**Exercise objective:**
Copy the lines below word for word, skipping any image.

==== Exercise data ====

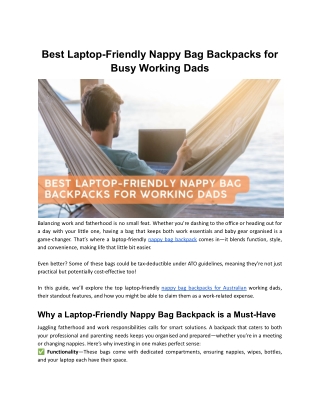 Best Laptop-Friendly Nappy Bag Backpacks for Busy Working Dads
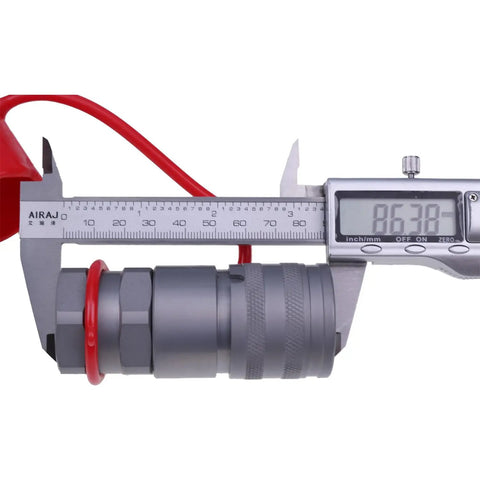 Caliper measuring 1/2-Inch Hydraulic Female Flat Face Quick Coupler 7246790 Bobcat Compatible For Excavators Backhoes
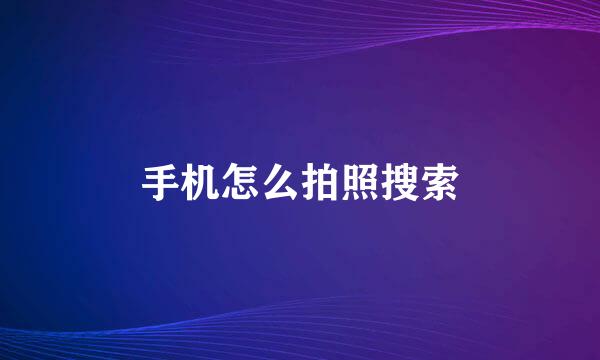 手机怎么拍照搜索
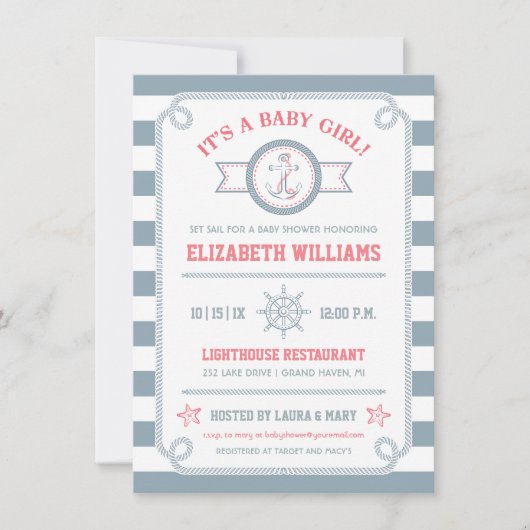 Gray & Roze Nautical Baby Girl Shower Kaart (Voorkant)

====

**Completed exercise:**
 Best Laptop-Friendly Nappy Bag Backpacks for Busy Working Dads
 Caliper measuring 1/2-Inch Hydraulic Female Flat Face Quick Coupler 7246790 Bobcat Compatible For Excavators Backhoes
 手机怎么拍照搜索
 Gray & Roze Nautical Baby Girl Shower Kaart (Voorkant)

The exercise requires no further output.